INSTRUCTIONS FOR THE TASK » The required output is the lines from the one with "Click Here Sticker by SPORTFIVE" through the end of the data, repeated verbatim, with no pictures included.

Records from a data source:
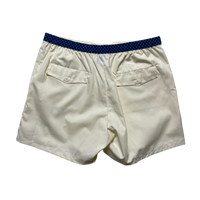 Short - Nike Tennis - Blanc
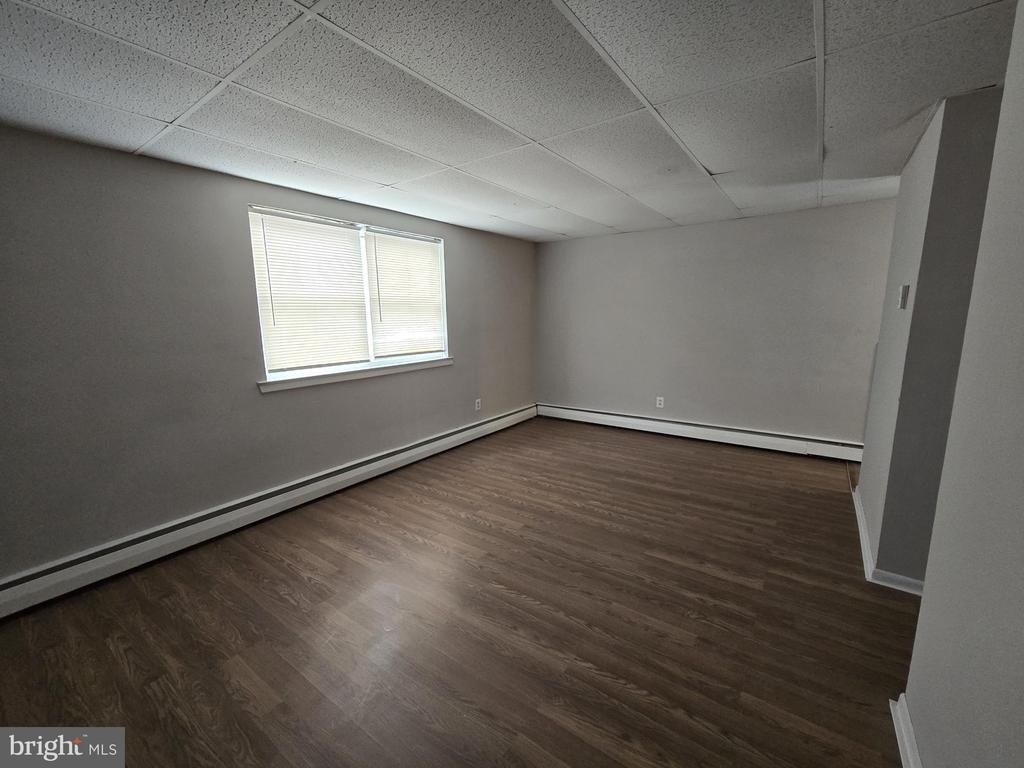 5302 Duffield Street - Photo 3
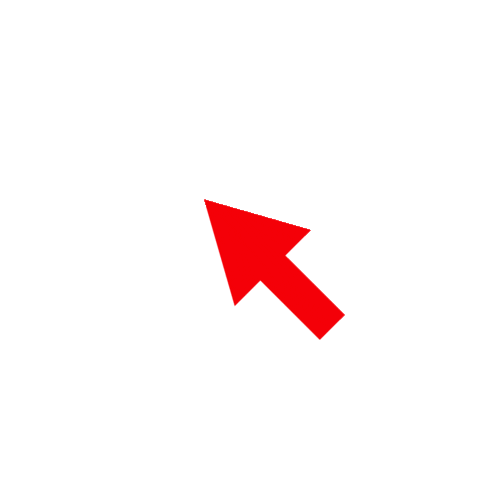 Click Here Sticker by SPORTFIVE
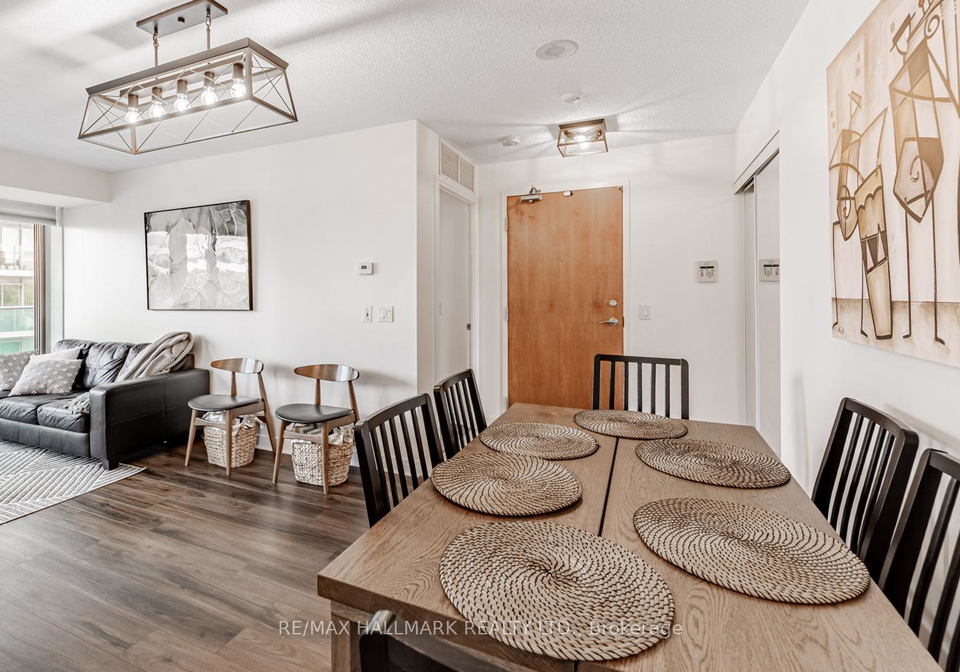 31-bales-avenue-north-york-ontario-c12425904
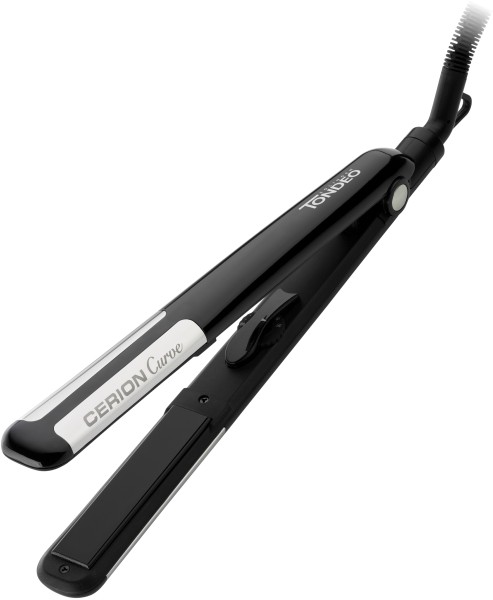  Tondeo Cerion Curve black 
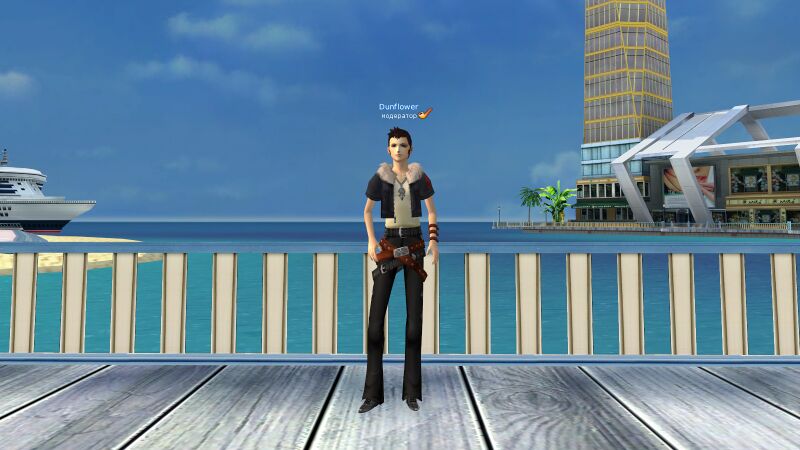 Файл:Костмю фантазия 8 муж.jpg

REPLY TO THE TASK »
 Click Here Sticker by SPORTFIVE
 31-bales-avenue-north-york-ontario-c12425904
  Tondeo Cerion Curve black 
 Файл:Костмю фантазия 8 муж.jpg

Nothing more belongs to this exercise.